On a future without cheap oil

The author of The Long Emergency opines here about the likely social and economic consequences of the depletion of the world's oil reserves. As do I, below:

Unfortunately for people in the US who would prefer to live without consuming huge quantities of oil and gasoline, it's practically impossible to do so, short of moving to a farming commune and reverting to a subsistence lifestyle. Outside of a very few urban core areas, there is practically no local public transportation, and workplaces, stores, and other vital points of contact between the individual and the society are spread so widely that for most people walking or even bicycling is not an option.

Driving to work is one of the key fuel-wasting American tendencies cited by folks like Kunstler, and the one that is least flexible in response to fuel prices. But there are at least three nearly insurmountable problems that prevent most people from living close to work as Kunstler and New Urban theorists suggest.

One, of course, is the "old-urbanist" insistence, echoed by many suburbanite NIMBYs, on segregating different property uses in widely-separated geographical areas. You can't walk to work if the zoning laws prohibit appropriate housing in the area near the workplace. Nor can you walk to the grocery store if the zoning laws prohibit retail establishments near the designated areas in which housing is permitted.

But even if zoning laws were instantaneously revoked, how is one supposed to live close to work when employers close, merge, layoff, and blithely relocate their physical locations at the drop of a CEO's country-club membership? The idea of renting corporate locations rather than owning them, so that the company can perpetually seek lower rents and hop-skip-and-jump around the country like a deadbeat debtor on the run from creditors, may look good to MBAs in the head office. But it makes it impossible for employees to make any long term plan to live close to where they work.

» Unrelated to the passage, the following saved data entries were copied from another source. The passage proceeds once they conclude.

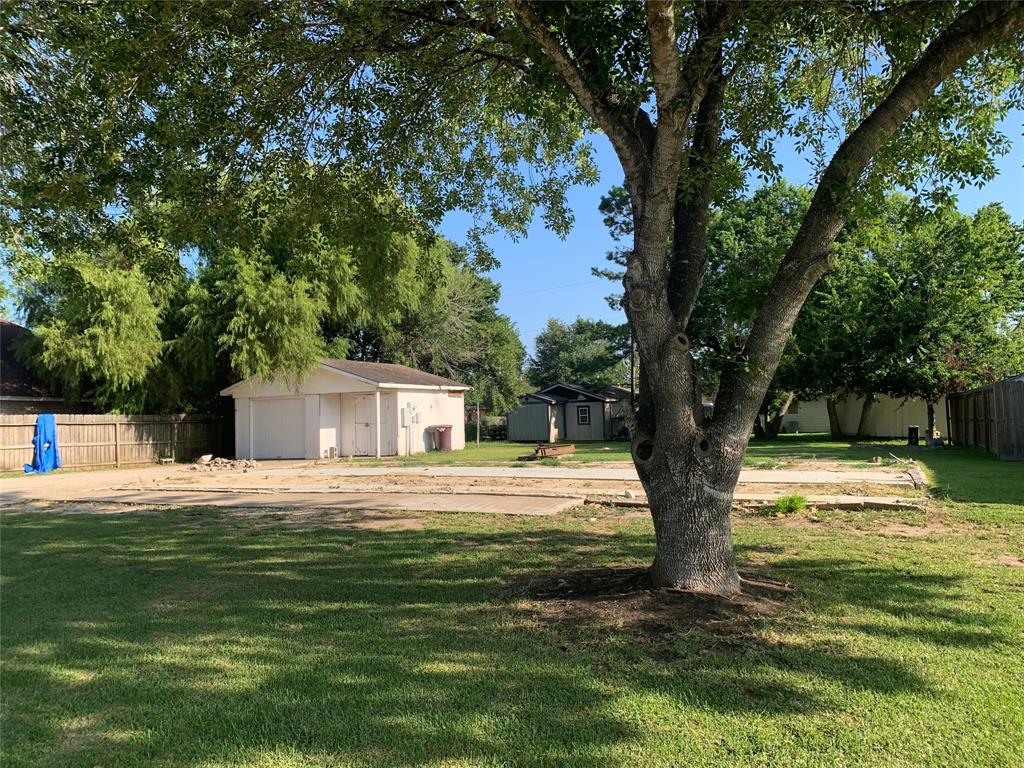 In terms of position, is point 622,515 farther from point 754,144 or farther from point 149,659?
point 149,659

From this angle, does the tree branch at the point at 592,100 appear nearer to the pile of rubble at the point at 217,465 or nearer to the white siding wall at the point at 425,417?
the pile of rubble at the point at 217,465

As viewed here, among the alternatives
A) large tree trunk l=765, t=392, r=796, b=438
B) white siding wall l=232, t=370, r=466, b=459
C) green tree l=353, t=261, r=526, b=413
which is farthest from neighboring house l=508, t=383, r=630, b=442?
white siding wall l=232, t=370, r=466, b=459

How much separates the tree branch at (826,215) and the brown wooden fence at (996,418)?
14.7 m

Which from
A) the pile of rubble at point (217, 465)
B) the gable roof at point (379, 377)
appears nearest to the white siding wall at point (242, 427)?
the gable roof at point (379, 377)

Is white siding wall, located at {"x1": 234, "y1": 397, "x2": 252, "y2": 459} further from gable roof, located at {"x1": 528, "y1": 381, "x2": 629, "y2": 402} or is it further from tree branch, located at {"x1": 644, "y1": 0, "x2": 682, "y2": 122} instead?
tree branch, located at {"x1": 644, "y1": 0, "x2": 682, "y2": 122}

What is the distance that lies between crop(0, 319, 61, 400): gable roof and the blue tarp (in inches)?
203

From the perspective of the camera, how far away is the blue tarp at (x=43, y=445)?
65.4 feet

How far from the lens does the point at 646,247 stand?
4.76 meters

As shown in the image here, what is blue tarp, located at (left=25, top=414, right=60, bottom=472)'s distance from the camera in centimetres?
1994

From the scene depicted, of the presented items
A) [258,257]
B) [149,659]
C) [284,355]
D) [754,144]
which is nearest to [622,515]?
[754,144]


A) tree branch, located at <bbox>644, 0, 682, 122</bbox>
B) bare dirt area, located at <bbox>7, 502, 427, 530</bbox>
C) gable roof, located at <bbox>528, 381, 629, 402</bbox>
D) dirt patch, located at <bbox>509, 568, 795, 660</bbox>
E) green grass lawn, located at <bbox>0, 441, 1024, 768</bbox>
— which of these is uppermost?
tree branch, located at <bbox>644, 0, 682, 122</bbox>

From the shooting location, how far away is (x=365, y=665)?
3852 millimetres

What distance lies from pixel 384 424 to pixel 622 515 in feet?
54.5

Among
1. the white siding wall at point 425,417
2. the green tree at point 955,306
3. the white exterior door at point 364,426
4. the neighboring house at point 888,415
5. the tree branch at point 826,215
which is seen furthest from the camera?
the neighboring house at point 888,415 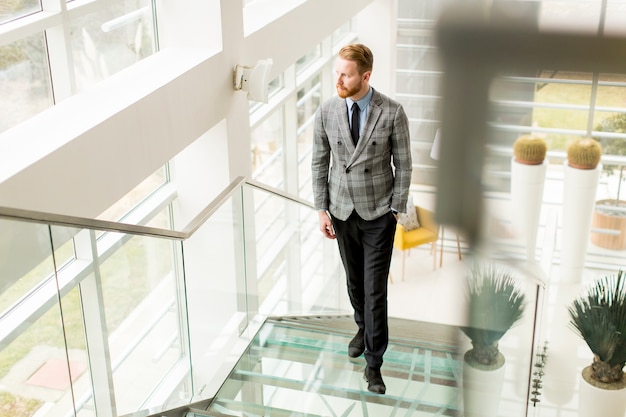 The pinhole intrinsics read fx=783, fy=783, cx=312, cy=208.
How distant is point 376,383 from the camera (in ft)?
13.5

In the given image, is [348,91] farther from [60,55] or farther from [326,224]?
[60,55]

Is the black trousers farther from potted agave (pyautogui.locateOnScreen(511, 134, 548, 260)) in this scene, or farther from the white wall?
potted agave (pyautogui.locateOnScreen(511, 134, 548, 260))

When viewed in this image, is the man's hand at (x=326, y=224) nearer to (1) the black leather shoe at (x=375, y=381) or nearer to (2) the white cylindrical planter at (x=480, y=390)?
(1) the black leather shoe at (x=375, y=381)

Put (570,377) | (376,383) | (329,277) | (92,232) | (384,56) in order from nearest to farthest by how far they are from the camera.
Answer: (570,377) < (92,232) < (376,383) < (329,277) < (384,56)

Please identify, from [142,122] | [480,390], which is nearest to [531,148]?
[480,390]

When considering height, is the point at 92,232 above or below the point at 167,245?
above

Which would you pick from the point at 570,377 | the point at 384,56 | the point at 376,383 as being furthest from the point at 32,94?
the point at 384,56

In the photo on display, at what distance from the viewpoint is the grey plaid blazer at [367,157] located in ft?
11.5

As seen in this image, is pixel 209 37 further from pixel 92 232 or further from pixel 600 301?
pixel 600 301

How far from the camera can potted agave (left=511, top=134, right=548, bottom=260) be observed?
22.3 inches

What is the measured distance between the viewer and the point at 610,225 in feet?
1.86

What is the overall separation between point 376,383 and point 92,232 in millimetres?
1803

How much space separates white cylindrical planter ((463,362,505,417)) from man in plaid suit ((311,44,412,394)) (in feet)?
8.19

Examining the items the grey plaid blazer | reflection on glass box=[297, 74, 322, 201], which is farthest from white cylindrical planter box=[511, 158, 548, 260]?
reflection on glass box=[297, 74, 322, 201] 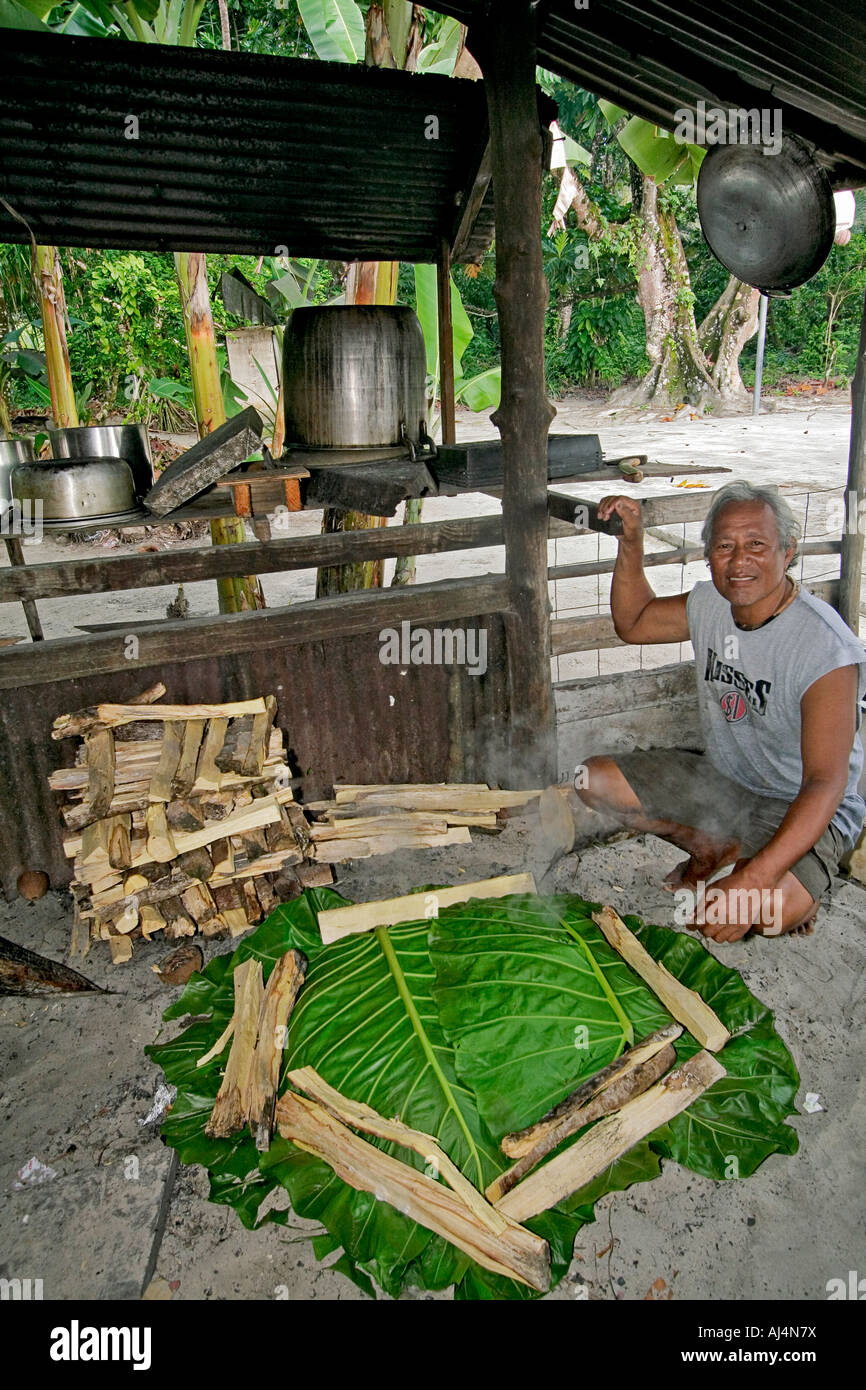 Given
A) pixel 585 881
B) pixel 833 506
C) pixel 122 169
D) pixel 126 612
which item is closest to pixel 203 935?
pixel 585 881

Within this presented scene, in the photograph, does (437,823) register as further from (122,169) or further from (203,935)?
(122,169)

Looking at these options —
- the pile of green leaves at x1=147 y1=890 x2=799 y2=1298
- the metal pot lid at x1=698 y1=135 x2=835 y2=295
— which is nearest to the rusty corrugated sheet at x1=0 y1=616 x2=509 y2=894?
the pile of green leaves at x1=147 y1=890 x2=799 y2=1298

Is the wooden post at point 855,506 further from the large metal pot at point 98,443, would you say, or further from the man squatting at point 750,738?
the large metal pot at point 98,443

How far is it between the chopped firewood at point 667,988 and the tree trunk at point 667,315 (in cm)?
2020

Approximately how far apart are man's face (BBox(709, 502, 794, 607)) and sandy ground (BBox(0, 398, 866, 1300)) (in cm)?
147

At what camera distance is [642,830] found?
423cm

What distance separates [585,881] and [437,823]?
2.58 feet

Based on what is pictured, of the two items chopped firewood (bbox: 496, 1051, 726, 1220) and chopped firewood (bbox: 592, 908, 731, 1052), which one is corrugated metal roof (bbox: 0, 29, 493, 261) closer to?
chopped firewood (bbox: 592, 908, 731, 1052)

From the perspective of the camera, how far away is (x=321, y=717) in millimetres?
4355

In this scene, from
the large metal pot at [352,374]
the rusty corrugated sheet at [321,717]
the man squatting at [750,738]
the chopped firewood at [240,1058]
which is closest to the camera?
the chopped firewood at [240,1058]

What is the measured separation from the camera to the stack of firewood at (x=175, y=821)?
3.57 m

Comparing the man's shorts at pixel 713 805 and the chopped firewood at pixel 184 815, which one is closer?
the man's shorts at pixel 713 805

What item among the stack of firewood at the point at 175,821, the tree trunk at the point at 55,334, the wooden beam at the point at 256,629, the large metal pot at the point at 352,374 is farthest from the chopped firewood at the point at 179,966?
the tree trunk at the point at 55,334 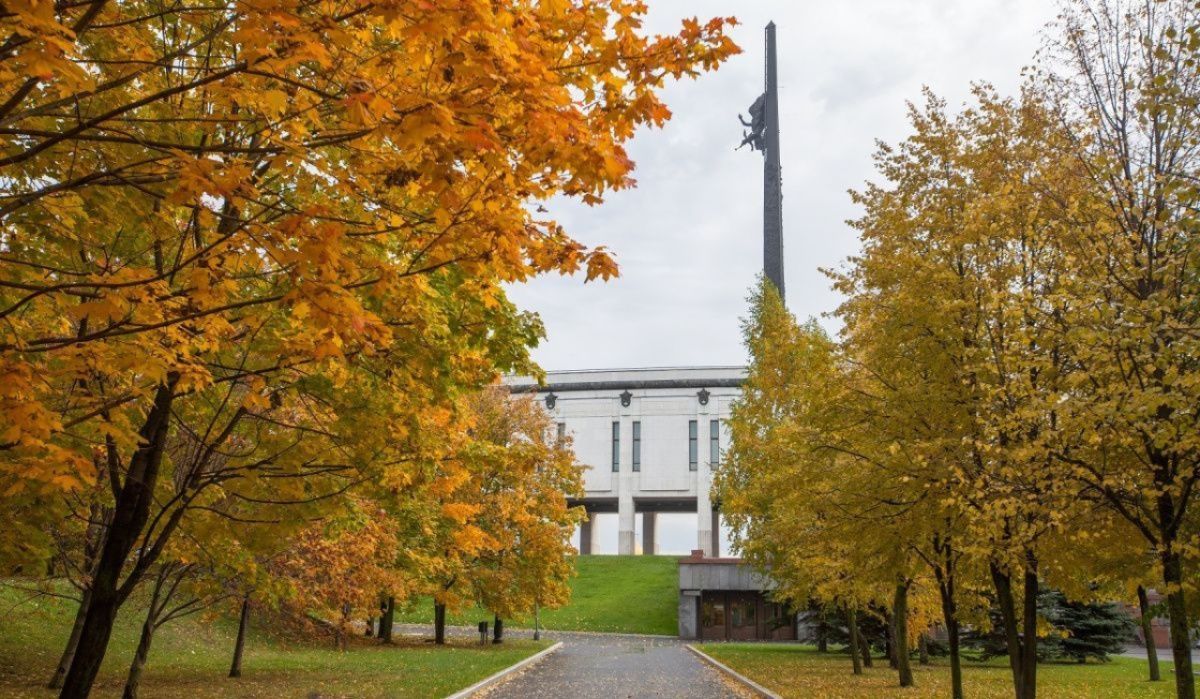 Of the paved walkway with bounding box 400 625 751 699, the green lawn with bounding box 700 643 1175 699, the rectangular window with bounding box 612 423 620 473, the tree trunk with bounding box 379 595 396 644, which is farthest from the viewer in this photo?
the rectangular window with bounding box 612 423 620 473

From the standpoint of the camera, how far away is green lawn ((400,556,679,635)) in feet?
165

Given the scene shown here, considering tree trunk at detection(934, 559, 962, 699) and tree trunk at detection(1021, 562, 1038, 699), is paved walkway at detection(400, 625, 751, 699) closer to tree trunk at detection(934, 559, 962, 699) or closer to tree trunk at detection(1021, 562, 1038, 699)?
tree trunk at detection(934, 559, 962, 699)

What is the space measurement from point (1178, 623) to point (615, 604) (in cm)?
4782

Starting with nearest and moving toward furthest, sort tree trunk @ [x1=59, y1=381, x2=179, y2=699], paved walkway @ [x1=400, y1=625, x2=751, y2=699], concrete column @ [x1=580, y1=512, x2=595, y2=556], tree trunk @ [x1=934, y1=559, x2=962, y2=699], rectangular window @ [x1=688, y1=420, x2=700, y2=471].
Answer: tree trunk @ [x1=59, y1=381, x2=179, y2=699]
tree trunk @ [x1=934, y1=559, x2=962, y2=699]
paved walkway @ [x1=400, y1=625, x2=751, y2=699]
rectangular window @ [x1=688, y1=420, x2=700, y2=471]
concrete column @ [x1=580, y1=512, x2=595, y2=556]

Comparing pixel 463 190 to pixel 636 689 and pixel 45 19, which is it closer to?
pixel 45 19

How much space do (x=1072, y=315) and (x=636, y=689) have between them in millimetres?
13311

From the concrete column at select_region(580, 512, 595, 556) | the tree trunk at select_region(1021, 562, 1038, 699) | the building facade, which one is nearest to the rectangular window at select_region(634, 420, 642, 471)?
the building facade

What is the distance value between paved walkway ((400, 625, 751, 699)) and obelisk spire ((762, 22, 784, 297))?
1244 inches

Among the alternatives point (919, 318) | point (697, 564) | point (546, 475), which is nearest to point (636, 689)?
point (919, 318)

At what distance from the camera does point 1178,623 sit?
28.1 feet

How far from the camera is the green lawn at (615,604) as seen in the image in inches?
1980

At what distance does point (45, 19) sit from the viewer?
9.42ft

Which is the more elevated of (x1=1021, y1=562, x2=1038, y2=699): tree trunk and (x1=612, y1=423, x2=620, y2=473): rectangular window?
(x1=612, y1=423, x2=620, y2=473): rectangular window

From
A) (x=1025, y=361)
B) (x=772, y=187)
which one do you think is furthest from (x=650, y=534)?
(x=1025, y=361) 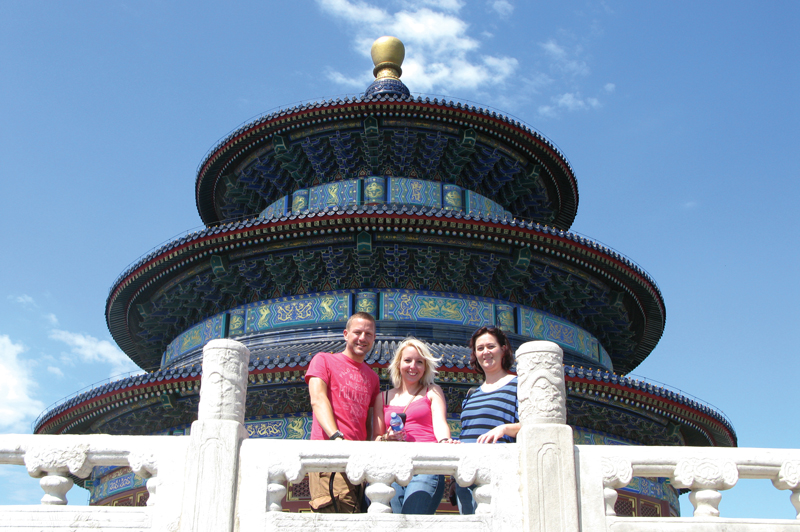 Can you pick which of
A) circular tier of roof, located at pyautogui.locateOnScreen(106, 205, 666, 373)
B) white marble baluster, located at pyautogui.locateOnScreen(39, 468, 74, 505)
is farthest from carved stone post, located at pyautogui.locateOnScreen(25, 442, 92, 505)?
circular tier of roof, located at pyautogui.locateOnScreen(106, 205, 666, 373)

And what of those who are caught up in the US economy's continuing elimination of full time jobs, and must work two or three part time jobs to stay solvent? How likely is it that those multiple part-time jobs will be withing walking distance of each other, or within walking distance of an affordable place to live? And how likely is it that coordinating these multiple part time jobs will allow time for the leisurely and infrequent schedules of public transportation, if it even exists between the various locations involved?

The situation's much the same for intercity travel or travel to rural destinations. Air travel is wasteful of fuel as well as being unaffordably expensive, and Amtrak's lack of service is a perennial joke. To take one example, I couldn't travel between southeastern Michigan and Toronto by rail even if I were desperate to do so, because there is no such service.

I suppose these are just a few examples of the way in which our entire culture is fundamentally built on the concept of cheap and ubiquitous personal transportation.

1 comment:

Anonymous said...

Carlos @ 10:00AM | 2007-04-18| permalink

Just one reason I'd like to live in Asia.